__Problem requirements__
The answer should be the lines from the one with "Walk to station! - Photo 4" through the final line of the entries, restated word for word.

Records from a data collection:
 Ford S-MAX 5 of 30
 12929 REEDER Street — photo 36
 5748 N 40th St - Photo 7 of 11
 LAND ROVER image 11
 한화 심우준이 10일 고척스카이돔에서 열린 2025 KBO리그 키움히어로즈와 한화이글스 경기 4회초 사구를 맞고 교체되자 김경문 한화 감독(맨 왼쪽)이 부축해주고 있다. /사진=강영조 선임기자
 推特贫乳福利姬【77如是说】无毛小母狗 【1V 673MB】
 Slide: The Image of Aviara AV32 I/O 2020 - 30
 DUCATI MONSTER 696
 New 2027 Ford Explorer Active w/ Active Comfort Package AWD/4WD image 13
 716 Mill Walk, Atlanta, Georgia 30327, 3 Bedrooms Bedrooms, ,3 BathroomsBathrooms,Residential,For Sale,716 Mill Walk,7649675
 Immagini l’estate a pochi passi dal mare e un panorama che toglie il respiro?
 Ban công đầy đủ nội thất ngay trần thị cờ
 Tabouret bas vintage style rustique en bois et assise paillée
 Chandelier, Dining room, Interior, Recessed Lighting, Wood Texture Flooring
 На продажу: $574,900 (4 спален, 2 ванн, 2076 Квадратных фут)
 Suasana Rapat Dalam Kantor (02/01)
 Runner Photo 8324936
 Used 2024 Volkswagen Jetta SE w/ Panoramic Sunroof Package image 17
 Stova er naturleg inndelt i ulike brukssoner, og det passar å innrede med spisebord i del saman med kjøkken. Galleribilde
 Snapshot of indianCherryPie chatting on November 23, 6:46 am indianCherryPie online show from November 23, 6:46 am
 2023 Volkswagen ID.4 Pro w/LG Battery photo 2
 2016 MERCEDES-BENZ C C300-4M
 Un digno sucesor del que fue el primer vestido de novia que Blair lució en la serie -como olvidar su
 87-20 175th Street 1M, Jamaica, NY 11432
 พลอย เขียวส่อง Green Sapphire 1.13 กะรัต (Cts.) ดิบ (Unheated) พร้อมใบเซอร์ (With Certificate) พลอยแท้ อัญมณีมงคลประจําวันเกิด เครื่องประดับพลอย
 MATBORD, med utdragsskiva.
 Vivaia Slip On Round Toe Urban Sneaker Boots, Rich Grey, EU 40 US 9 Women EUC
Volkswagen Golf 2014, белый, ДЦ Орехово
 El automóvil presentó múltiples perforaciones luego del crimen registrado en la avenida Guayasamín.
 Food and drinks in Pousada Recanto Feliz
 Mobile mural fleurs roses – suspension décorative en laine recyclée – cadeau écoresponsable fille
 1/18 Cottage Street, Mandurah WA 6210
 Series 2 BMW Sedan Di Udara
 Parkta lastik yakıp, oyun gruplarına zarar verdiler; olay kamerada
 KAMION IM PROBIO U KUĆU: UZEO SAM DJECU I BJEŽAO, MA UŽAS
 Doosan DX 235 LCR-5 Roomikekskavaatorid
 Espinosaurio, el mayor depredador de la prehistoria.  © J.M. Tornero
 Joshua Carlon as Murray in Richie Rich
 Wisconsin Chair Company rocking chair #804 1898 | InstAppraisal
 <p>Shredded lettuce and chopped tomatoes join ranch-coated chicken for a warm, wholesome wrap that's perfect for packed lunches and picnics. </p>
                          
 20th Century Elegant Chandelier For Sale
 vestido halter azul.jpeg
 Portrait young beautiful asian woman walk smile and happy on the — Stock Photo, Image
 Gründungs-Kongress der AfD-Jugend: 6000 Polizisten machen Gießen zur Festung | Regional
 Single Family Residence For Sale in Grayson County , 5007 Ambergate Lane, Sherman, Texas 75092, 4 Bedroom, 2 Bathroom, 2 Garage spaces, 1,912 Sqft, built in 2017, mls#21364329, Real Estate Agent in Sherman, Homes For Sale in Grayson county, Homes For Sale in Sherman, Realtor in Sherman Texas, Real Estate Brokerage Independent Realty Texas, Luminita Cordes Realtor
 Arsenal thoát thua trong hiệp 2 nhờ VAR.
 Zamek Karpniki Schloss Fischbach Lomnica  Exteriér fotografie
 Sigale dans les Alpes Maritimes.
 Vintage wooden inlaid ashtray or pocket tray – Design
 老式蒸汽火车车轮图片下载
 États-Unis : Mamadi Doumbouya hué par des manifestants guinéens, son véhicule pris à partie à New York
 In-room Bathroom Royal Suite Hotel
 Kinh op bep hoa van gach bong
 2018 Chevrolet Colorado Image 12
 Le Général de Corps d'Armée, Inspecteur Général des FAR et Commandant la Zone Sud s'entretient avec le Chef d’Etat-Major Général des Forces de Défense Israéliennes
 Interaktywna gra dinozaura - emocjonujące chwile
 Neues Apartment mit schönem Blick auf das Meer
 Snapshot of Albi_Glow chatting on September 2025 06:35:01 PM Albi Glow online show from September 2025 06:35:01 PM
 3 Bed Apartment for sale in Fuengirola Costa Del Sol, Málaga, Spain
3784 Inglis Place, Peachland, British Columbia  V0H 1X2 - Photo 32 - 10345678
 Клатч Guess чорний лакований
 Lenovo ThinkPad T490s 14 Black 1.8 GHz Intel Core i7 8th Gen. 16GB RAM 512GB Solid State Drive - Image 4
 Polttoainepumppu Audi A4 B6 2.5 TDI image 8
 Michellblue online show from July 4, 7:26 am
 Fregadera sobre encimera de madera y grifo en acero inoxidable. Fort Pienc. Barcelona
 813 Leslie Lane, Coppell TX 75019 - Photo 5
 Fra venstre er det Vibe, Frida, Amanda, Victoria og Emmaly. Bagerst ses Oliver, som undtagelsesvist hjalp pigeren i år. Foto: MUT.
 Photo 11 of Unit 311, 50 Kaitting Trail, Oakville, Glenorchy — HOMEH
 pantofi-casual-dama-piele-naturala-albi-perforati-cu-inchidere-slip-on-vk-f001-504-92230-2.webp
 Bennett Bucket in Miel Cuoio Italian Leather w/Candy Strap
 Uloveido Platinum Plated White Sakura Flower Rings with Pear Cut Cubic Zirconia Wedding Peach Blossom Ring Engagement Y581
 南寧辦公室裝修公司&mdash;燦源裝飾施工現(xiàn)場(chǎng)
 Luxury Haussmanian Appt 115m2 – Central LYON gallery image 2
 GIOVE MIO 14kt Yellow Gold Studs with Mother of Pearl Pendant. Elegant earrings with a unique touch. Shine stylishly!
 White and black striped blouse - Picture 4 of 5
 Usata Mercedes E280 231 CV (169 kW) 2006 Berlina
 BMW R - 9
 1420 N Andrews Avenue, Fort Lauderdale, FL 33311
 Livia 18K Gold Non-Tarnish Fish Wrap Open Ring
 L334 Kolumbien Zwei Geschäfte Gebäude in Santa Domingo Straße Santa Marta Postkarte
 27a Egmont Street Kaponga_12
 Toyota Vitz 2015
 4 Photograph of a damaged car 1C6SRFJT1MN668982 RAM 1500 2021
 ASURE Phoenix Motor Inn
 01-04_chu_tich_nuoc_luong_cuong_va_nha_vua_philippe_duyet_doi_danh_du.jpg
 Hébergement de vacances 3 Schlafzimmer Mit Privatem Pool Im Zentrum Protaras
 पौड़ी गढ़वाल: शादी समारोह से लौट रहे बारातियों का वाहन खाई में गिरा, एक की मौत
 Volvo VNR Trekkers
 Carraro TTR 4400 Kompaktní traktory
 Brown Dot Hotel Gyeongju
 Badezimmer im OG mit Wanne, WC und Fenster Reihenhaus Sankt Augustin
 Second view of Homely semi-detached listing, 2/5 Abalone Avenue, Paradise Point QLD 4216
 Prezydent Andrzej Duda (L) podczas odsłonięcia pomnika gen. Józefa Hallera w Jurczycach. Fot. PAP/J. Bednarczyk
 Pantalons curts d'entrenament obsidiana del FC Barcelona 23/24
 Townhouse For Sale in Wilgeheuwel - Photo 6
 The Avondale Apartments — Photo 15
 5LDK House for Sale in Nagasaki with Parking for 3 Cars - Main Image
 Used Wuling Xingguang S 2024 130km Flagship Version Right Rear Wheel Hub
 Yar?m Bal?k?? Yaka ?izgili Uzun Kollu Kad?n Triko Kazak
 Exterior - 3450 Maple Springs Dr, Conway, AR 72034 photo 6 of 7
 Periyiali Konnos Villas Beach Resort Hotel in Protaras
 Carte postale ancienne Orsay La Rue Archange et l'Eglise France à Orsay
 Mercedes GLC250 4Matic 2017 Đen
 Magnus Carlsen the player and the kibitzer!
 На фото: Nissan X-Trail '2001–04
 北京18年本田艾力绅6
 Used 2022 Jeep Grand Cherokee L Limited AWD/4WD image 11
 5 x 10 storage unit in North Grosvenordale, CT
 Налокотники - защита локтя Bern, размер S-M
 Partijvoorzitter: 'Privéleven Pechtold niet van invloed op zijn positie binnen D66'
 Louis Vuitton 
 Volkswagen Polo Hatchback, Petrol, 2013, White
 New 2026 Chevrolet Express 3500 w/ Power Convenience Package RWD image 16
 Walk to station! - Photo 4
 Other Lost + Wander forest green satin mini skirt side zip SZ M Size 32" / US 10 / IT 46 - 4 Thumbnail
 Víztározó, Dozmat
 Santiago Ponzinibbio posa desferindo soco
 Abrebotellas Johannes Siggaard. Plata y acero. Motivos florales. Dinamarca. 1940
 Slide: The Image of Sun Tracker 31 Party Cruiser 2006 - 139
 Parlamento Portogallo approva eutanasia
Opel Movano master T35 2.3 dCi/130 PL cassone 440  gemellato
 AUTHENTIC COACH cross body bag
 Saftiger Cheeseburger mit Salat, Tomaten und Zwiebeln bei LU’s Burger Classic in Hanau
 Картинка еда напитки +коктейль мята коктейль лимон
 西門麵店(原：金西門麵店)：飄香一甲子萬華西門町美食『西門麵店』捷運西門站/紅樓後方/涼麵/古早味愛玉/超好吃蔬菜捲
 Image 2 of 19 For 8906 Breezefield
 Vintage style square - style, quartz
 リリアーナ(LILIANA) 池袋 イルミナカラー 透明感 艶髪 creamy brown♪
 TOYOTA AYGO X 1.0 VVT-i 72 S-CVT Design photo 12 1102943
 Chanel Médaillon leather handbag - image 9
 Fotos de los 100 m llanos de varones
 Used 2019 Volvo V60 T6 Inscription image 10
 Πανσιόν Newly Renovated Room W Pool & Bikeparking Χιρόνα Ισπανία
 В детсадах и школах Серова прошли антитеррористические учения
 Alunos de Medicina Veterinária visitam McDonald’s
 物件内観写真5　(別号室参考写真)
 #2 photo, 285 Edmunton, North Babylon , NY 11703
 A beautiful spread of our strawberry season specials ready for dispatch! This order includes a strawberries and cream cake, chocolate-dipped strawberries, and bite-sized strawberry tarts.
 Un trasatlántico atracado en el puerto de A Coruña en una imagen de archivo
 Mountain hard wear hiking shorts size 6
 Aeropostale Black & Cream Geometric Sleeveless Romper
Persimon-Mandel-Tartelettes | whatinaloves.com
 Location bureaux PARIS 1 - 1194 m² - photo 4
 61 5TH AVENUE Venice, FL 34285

__Written answer__
 Walk to station! - Photo 4
 Other Lost + Wander forest green satin mini skirt side zip SZ M Size 32" / US 10 / IT 46 - 4 Thumbnail
 Víztározó, Dozmat
 Santiago Ponzinibbio posa desferindo soco
 Abrebotellas Johannes Siggaard. Plata y acero. Motivos florales. Dinamarca. 1940
 Slide: The Image of Sun Tracker 31 Party Cruiser 2006 - 139
 Parlamento Portogallo approva eutanasia
Opel Movano master T35 2.3 dCi/130 PL cassone 440  gemellato
 AUTHENTIC COACH cross body bag
 Saftiger Cheeseburger mit Salat, Tomaten und Zwiebeln bei LU’s Burger Classic in Hanau
 Картинка еда напитки +коктейль мята коктейль лимон
 西門麵店(原：金西門麵店)：飄香一甲子萬華西門町美食『西門麵店』捷運西門站/紅樓後方/涼麵/古早味愛玉/超好吃蔬菜捲
 Image 2 of 19 For 8906 Breezefield
 Vintage style square - style, quartz
 リリアーナ(LILIANA) 池袋 イルミナカラー 透明感 艶髪 creamy brown♪
 TOYOTA AYGO X 1.0 VVT-i 72 S-CVT Design photo 12 1102943
 Chanel Médaillon leather handbag - image 9
 Fotos de los 100 m llanos de varones
 Used 2019 Volvo V60 T6 Inscription image 10
 Πανσιόν Newly Renovated Room W Pool & Bikeparking Χιρόνα Ισπανία
 В детсадах и школах Серова прошли антитеррористические учения
 Alunos de Medicina Veterinária visitam McDonald’s
 物件内観写真5　(別号室参考写真)
 #2 photo, 285 Edmunton, North Babylon , NY 11703
 A beautiful spread of our strawberry season specials ready for dispatch! This order includes a strawberries and cream cake, chocolate-dipped strawberries, and bite-sized strawberry tarts.
 Un trasatlántico atracado en el puerto de A Coruña en una imagen de archivo
 Mountain hard wear hiking shorts size 6
 Aeropostale Black & Cream Geometric Sleeveless Romper
Persimon-Mandel-Tartelettes | whatinaloves.com
 Location bureaux PARIS 1 - 1194 m² - photo 4
 61 5TH AVENUE Venice, FL 34285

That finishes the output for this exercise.